Hacker News new | past | comments | ask | show | jobs | submit login
The Jupyter+Git problem is now solved (2022) (fast.ai)
107 points by skadamat on July 19, 2023 | hide | past | favorite | 42 comments



We all know .ipynb JSON format is not a great fit for Git. The Jupyter ecosystem has come a long way in the last few years.

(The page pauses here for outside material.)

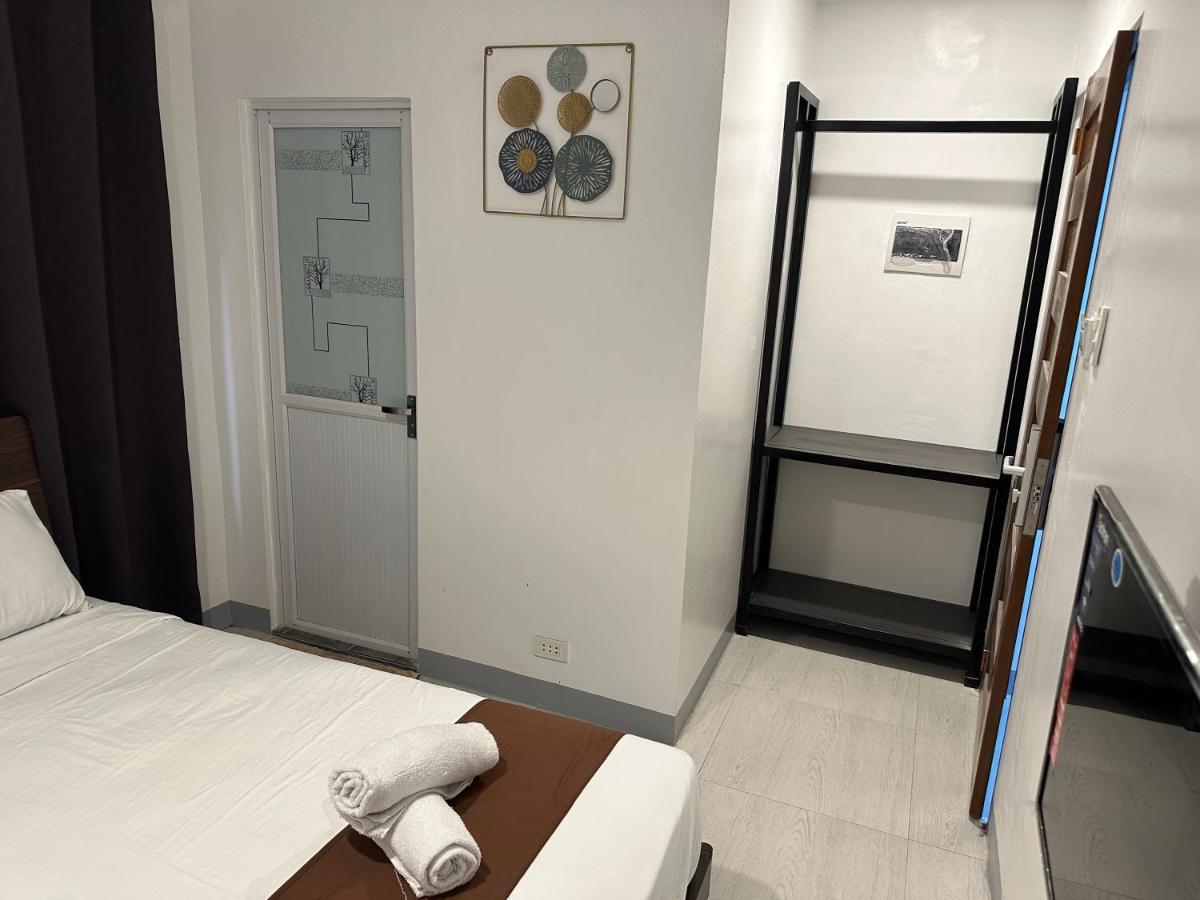 Aden Hotel Makati City Ngoại thất bức ảnh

Solving this really comes down to a few tools -

- JupyterLab Git Extension[1] for local diffs (pre-commit diffs)

- nbdime[2] / nbdev[3] for resolving .ipynb git merge conflicts

- GitHub PR code reviews with ReviewNB[4]

- Alternatively, if you don't care about cell outputs then Jupytext[5] to sync .ipynb JSON to markdown

Disclaimer: I built ReviewNB. It's a completely bootstrapped business, 5 years in the making and now used by leading DS teams at Meta, AWS, NASA JPL, AirBnB, Lyft, Affirm, AMD, Microsoft & more[6] for Jupyter Notebook code reviews on GitHub / Bitbucket.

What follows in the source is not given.